September 29, 2016 12:00 PM
By VITO (not verified)

My 2 cents; I am not a junior but carry the first and last name of my father. The only reason my parents chose not to make me a junior is because they gave me a different middle name. It was their choice not to make me a 'Junior'.

It is an absolute pleasure in my case to carry the name of my father. Some people may not have the same experience or opinion than I, but that is fine.

My father is an excellent, hard working, kind, and self less man. My sister is named after my grandmother. My twin brother, after my Uncle, and me after my father. My youngest brother was given a unique name that has no roots to our family, but just a name that my parents liked.

As a 31 year man, and a soon to be father, I may pass my father and my name to my son as well.

My wife loves the name Vito, and she wants to have a boy, and wants to name him Vito as well after me, and my father.

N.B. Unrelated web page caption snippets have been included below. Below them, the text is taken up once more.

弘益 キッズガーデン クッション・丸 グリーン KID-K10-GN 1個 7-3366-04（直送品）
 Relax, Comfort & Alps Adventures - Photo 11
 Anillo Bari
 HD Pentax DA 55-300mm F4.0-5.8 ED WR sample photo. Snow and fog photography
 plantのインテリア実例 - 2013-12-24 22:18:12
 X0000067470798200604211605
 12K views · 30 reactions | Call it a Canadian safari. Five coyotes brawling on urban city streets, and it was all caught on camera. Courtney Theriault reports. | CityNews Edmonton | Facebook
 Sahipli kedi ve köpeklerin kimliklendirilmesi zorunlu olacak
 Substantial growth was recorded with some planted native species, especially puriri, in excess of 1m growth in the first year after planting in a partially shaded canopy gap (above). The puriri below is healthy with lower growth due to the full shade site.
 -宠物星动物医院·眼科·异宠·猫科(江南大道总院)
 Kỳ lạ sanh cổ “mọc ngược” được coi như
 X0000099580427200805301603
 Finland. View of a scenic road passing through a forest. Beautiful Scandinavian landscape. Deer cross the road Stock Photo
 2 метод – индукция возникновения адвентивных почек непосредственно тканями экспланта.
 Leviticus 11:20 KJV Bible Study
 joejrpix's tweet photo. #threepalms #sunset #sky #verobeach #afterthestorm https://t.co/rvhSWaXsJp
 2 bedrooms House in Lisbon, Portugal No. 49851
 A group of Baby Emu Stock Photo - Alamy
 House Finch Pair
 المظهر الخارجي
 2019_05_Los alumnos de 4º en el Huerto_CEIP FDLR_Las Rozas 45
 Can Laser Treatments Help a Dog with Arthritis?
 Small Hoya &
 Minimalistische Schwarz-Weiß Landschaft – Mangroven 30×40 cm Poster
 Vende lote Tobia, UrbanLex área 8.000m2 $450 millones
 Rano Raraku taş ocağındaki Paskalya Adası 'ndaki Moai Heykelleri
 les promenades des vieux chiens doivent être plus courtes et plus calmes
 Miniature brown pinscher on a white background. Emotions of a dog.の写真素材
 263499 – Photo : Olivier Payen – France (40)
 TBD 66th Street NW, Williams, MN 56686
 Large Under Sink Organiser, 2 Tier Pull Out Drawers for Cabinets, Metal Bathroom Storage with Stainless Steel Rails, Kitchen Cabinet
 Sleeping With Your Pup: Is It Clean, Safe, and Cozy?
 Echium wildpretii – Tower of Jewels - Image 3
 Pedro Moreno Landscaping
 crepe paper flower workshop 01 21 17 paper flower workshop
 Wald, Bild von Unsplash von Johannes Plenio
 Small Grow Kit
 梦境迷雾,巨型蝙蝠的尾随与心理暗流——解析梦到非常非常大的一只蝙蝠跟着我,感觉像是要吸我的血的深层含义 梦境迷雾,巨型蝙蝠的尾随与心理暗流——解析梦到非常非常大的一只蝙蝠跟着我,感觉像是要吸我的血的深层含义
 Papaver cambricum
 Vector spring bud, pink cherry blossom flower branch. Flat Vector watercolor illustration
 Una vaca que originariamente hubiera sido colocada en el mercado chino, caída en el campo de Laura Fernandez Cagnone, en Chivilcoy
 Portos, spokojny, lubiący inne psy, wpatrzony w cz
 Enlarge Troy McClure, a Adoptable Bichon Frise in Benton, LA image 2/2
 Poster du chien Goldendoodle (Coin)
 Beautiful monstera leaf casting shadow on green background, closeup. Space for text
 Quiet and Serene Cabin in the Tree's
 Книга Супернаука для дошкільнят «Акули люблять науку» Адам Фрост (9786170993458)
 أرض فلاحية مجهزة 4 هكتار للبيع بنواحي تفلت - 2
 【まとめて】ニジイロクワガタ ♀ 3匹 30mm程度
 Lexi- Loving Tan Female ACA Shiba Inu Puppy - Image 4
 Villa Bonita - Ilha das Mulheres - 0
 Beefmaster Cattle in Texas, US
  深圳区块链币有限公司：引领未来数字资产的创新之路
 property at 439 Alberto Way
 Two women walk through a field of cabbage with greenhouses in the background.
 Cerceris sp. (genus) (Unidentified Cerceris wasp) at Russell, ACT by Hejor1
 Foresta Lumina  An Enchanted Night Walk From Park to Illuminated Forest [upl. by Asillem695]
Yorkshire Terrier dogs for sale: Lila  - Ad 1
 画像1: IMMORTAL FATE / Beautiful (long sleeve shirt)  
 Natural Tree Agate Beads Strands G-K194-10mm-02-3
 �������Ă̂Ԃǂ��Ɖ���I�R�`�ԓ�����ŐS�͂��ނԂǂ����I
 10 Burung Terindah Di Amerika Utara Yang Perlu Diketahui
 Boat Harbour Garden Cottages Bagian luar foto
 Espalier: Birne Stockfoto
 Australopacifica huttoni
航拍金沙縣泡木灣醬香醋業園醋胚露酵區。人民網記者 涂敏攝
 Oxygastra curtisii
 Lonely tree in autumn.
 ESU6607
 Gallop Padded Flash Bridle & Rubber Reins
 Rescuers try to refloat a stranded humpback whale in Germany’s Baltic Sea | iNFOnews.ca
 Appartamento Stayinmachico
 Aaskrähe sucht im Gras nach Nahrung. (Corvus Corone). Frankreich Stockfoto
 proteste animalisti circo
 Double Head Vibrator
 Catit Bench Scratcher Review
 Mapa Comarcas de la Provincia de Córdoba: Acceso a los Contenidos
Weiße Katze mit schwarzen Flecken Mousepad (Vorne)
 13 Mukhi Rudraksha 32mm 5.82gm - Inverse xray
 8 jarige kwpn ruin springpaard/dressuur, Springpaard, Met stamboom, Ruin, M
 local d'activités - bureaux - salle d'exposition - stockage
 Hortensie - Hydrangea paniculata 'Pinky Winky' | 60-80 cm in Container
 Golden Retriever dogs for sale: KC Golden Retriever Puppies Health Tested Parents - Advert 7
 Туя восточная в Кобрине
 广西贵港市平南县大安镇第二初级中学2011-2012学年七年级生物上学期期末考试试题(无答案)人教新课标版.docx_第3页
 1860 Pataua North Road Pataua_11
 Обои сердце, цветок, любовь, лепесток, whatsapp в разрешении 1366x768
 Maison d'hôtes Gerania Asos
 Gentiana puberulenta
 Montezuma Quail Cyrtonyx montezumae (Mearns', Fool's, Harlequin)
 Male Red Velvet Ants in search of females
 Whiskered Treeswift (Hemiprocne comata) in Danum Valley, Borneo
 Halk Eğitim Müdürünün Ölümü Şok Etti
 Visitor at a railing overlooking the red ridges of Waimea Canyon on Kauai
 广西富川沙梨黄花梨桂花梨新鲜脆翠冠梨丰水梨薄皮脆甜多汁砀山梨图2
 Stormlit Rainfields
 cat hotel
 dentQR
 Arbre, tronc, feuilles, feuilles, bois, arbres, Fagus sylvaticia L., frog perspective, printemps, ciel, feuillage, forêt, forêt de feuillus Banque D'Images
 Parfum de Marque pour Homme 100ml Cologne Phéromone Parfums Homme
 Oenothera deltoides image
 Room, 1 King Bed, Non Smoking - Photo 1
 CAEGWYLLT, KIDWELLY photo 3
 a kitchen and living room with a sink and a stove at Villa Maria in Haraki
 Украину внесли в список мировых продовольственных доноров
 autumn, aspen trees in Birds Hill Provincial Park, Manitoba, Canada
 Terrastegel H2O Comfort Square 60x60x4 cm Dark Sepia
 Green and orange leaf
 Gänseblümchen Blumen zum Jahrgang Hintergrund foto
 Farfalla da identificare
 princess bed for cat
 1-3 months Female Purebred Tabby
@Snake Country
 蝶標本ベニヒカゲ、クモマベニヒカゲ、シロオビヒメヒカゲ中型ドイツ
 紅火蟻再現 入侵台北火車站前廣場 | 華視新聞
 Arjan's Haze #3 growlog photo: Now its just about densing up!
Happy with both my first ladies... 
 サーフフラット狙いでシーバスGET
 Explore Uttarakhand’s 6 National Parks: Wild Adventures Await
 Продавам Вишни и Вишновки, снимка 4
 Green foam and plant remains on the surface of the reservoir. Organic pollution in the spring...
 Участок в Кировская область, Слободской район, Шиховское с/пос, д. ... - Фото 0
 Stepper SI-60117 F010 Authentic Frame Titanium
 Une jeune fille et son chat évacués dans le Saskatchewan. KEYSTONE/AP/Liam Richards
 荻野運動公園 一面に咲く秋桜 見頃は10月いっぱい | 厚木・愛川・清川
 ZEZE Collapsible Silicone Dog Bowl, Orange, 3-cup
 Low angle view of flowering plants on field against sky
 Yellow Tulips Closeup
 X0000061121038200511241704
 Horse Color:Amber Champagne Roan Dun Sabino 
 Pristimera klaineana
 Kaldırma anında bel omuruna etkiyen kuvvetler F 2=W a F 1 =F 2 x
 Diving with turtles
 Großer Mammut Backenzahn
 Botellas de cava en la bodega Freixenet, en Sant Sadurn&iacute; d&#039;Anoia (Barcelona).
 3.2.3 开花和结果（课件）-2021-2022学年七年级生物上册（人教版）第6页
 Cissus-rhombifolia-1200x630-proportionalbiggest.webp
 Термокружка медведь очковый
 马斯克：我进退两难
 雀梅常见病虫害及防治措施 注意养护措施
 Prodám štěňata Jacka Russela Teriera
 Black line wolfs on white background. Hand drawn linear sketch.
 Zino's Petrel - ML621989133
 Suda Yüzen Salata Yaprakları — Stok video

She tells me all the time that she thinks my name is a strong name that people never forget. She also tells me all the time how a namesake can pass along so much more to your child. I read once that children who carry on a namesake typically have a stronger bond with their parent. They tend to want to accomplish something in the sake of their name, for themselves, but also for the family members that they share a name with.

To each their own. I do not believe it is egotistical, but a beautiful reminder of a great parent.

May 18, 2017 12:23 AM
By Anonymous (not verified)

Your an idiot.

January 16, 2018 12:39 PM
By steven sr. (not verified)

i have a son with my fiance. we made him a junior . she suggested it . its an honor and i am proud . everyones different though.